> MATERIAL PROVIDED
"""

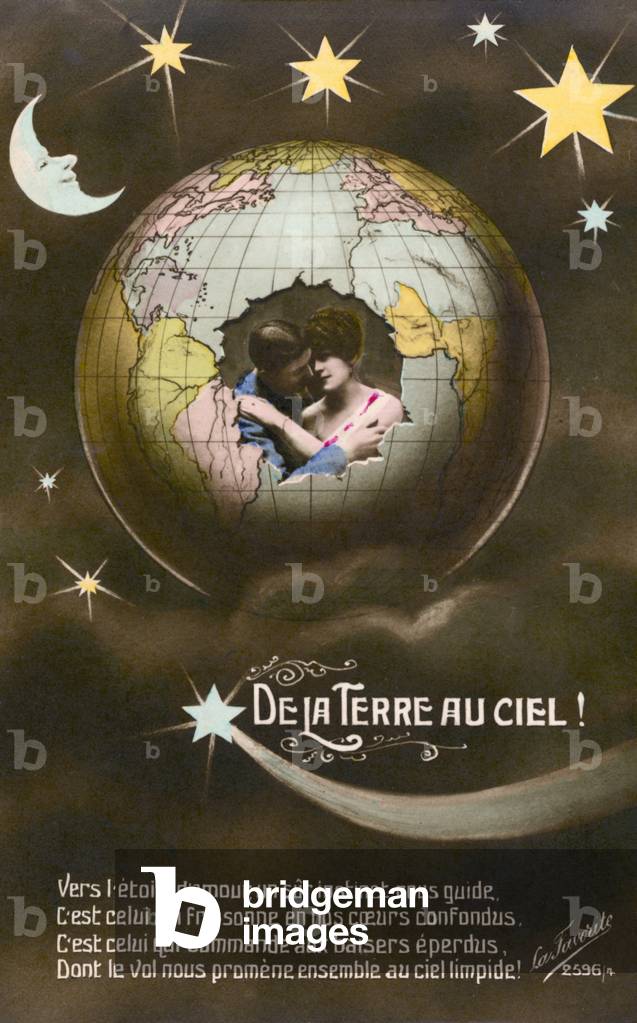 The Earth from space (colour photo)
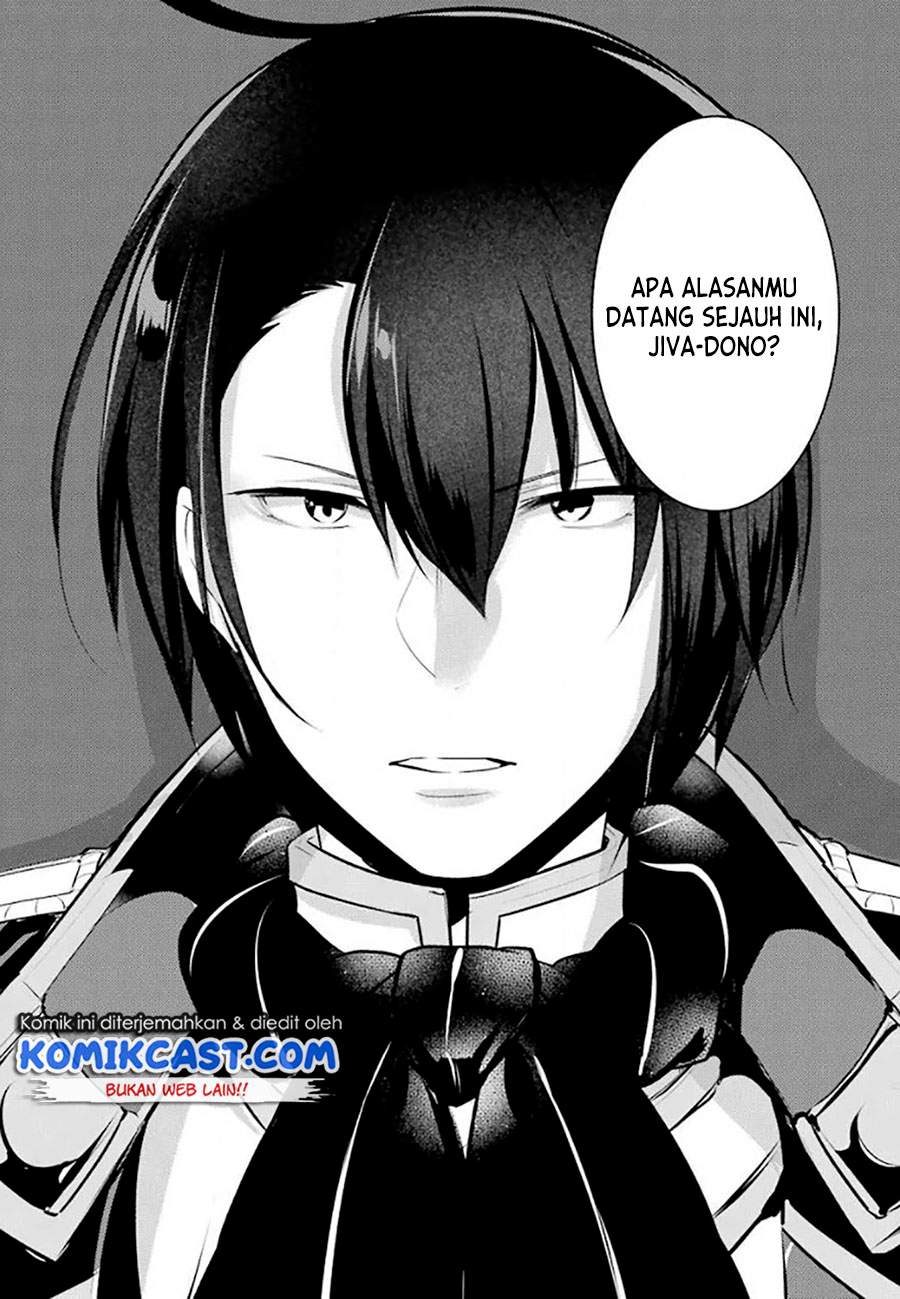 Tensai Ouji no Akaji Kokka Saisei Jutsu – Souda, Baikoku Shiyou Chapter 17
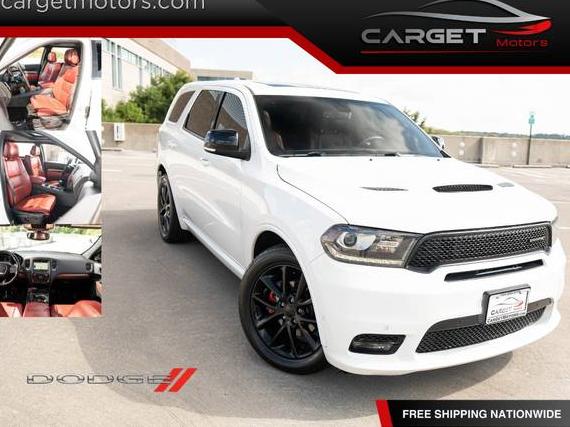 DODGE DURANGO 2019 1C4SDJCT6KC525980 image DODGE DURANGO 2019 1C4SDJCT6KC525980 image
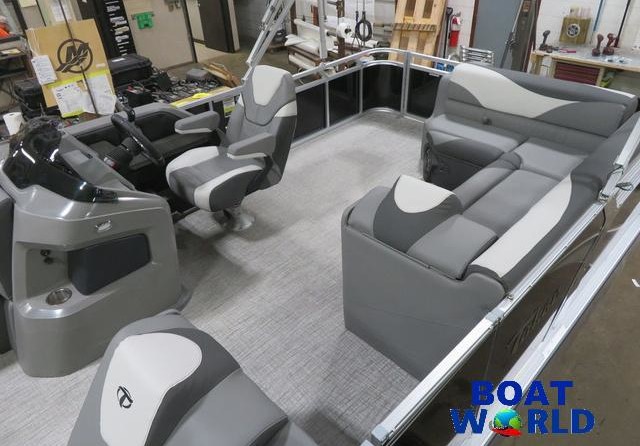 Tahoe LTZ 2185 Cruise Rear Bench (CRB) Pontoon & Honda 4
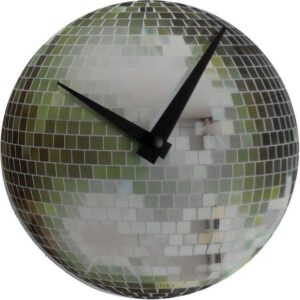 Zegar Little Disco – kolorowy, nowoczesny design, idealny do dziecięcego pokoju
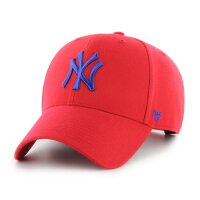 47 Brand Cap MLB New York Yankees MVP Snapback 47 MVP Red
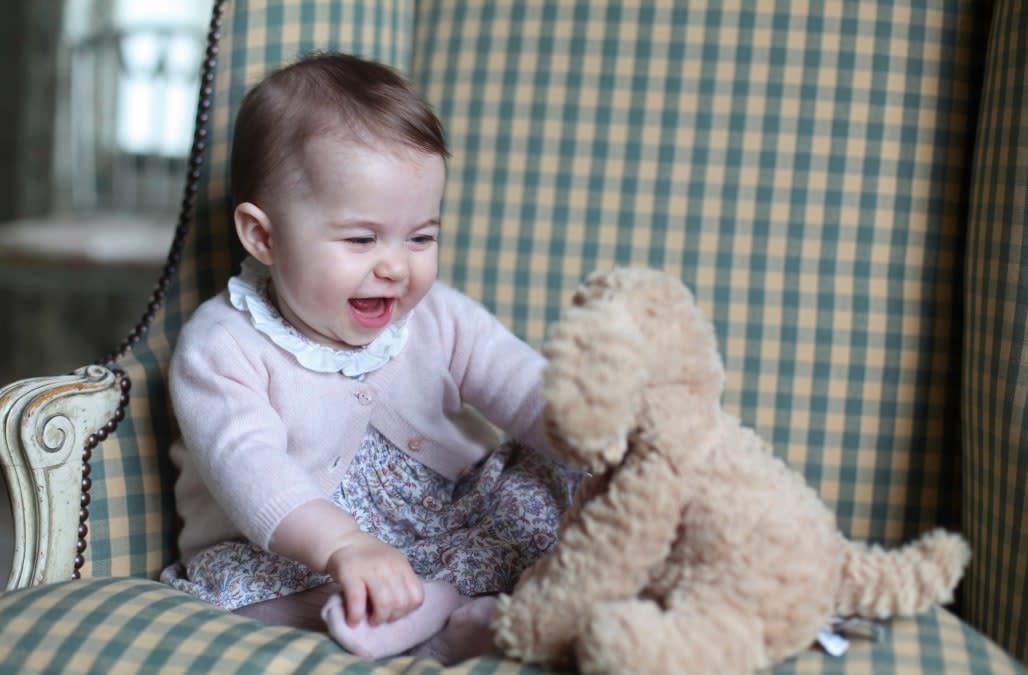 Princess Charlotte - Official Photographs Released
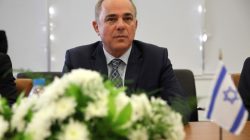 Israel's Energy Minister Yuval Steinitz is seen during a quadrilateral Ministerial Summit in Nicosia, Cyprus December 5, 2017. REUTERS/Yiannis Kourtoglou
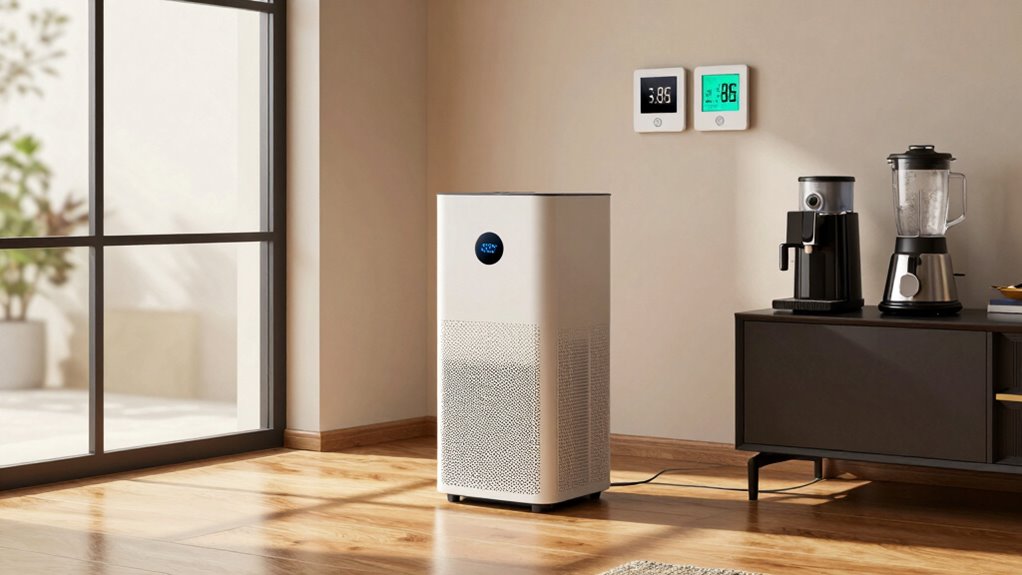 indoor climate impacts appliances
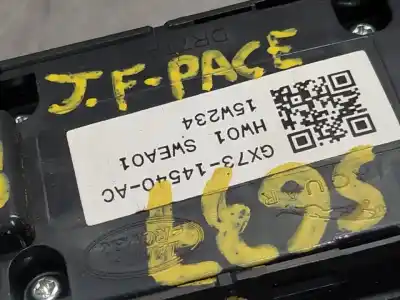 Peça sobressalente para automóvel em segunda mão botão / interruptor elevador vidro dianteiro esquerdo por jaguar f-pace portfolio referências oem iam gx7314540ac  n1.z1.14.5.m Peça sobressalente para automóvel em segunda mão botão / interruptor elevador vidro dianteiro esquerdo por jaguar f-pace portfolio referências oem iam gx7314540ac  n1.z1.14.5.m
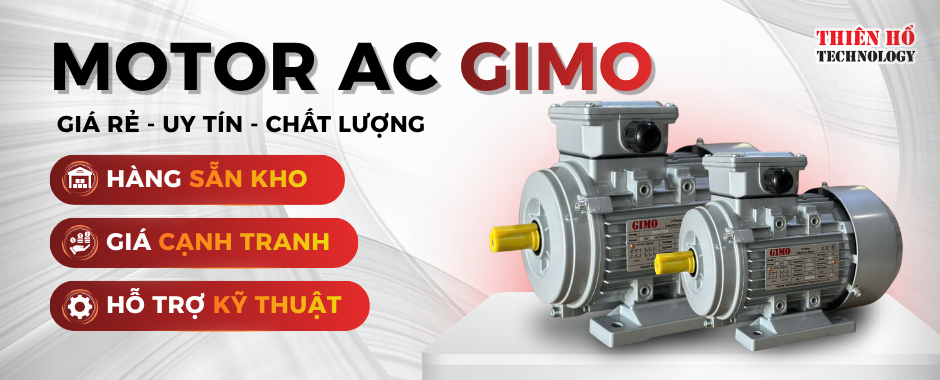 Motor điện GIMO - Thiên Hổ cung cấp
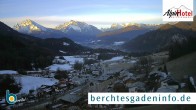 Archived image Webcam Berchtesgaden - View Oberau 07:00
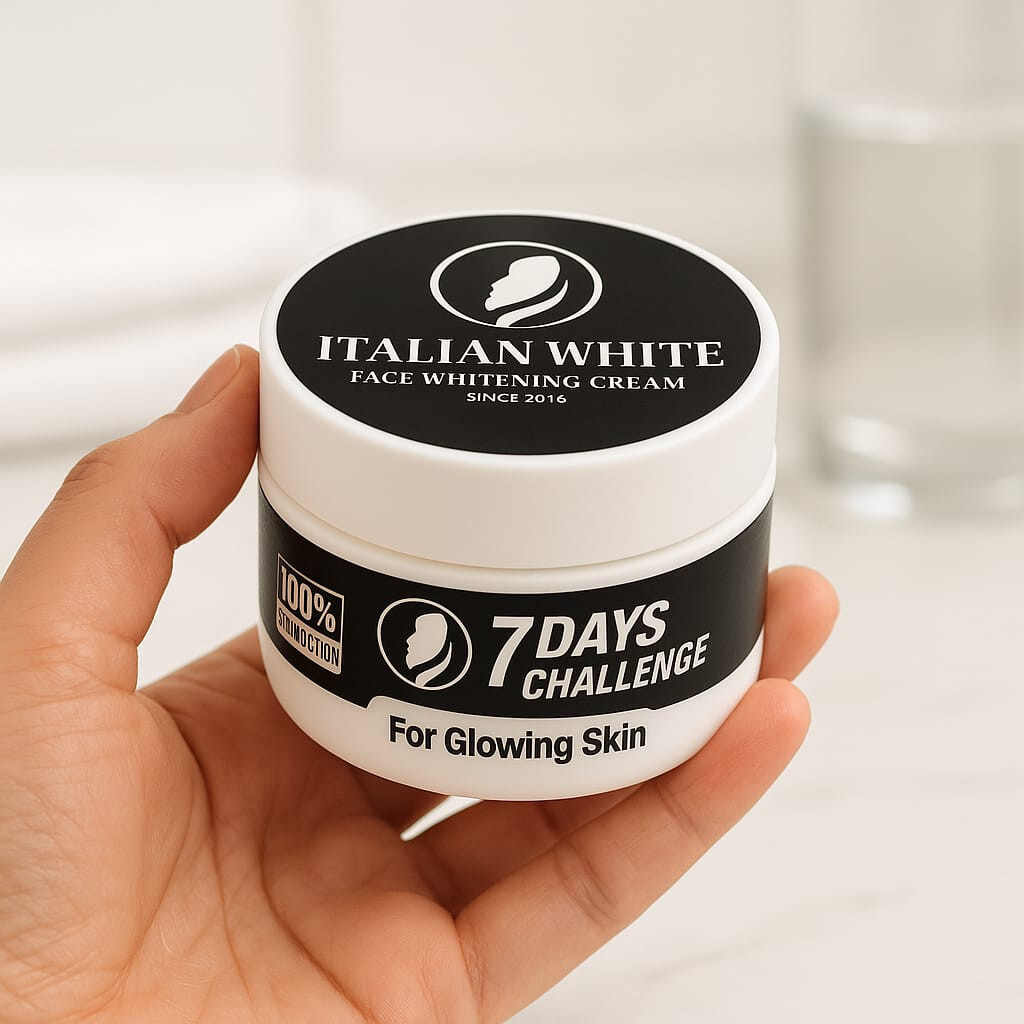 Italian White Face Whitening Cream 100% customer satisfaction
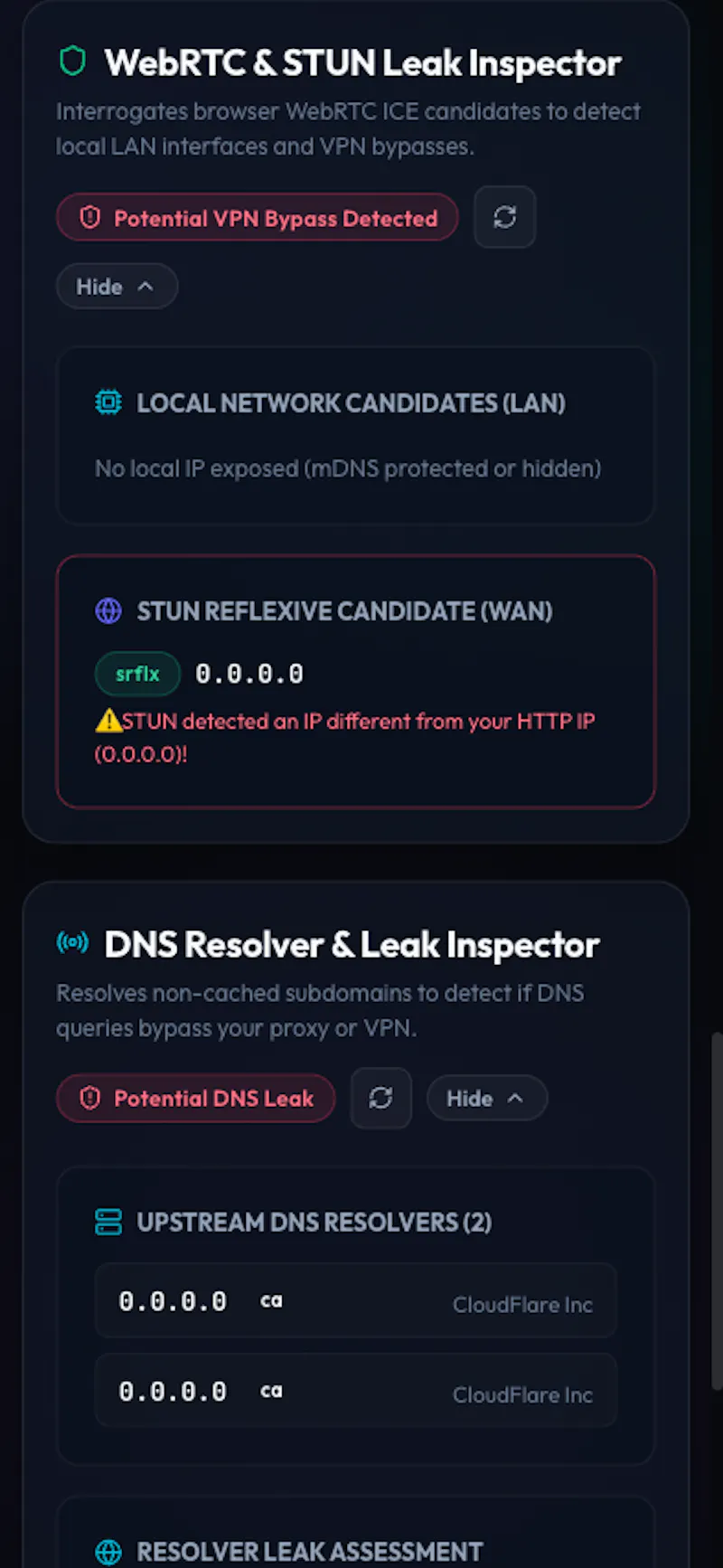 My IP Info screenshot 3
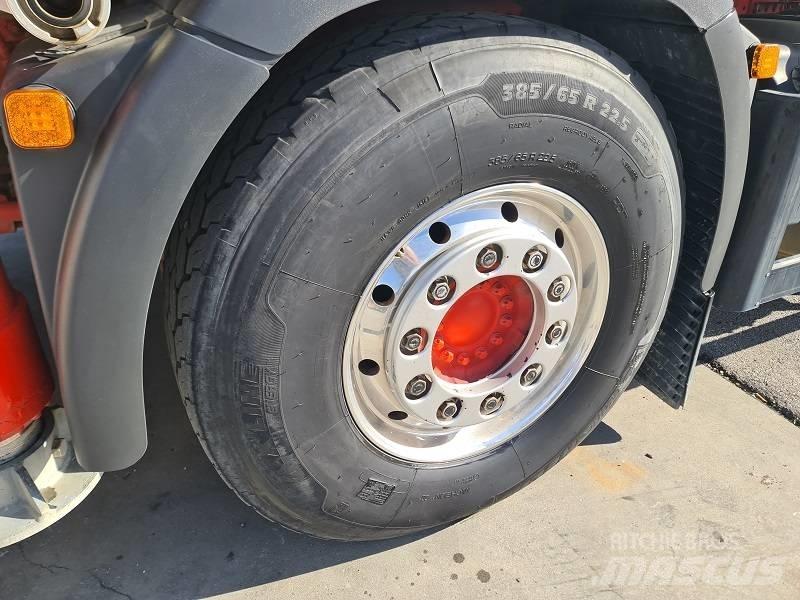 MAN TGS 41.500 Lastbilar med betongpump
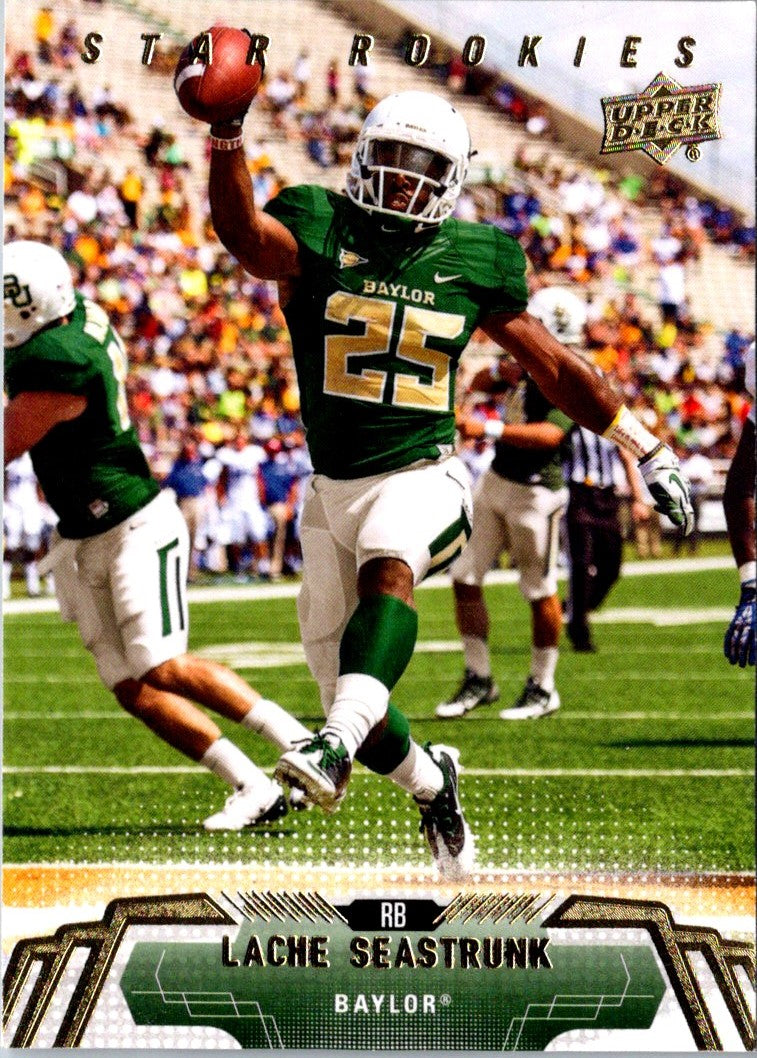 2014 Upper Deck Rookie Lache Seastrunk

"""

> PROBLEM DESCRIPTION
The records above are to be repeated exactly, with every picture removed from the copy.

> ANSWER SECTION
 The Earth from space (colour photo)
 Tensai Ouji no Akaji Kokka Saisei Jutsu – Souda, Baikoku Shiyou Chapter 17
 DODGE DURANGO 2019 1C4SDJCT6KC525980 image DODGE DURANGO 2019 1C4SDJCT6KC525980 image
 Tahoe LTZ 2185 Cruise Rear Bench (CRB) Pontoon & Honda 4
 Zegar Little Disco – kolorowy, nowoczesny design, idealny do dziecięcego pokoju
 47 Brand Cap MLB New York Yankees MVP Snapback 47 MVP Red
 Princess Charlotte - Official Photographs Released
 Israel's Energy Minister Yuval Steinitz is seen during a quadrilateral Ministerial Summit in Nicosia, Cyprus December 5, 2017. REUTERS/Yiannis Kourtoglou
 indoor climate impacts appliances
 Peça sobressalente para automóvel em segunda mão botão / interruptor elevador vidro dianteiro esquerdo por jaguar f-pace portfolio referências oem iam gx7314540ac  n1.z1.14.5.m Peça sobressalente para automóvel em segunda mão botão / interruptor elevador vidro dianteiro esquerdo por jaguar f-pace portfolio referências oem iam gx7314540ac  n1.z1.14.5.m
 Motor điện GIMO - Thiên Hổ cung cấp
 Archived image Webcam Berchtesgaden - View Oberau 07:00
 Italian White Face Whitening Cream 100% customer satisfaction
 My IP Info screenshot 3
 MAN TGS 41.500 Lastbilar med betongpump
 2014 Upper Deck Rookie Lache Seastrunk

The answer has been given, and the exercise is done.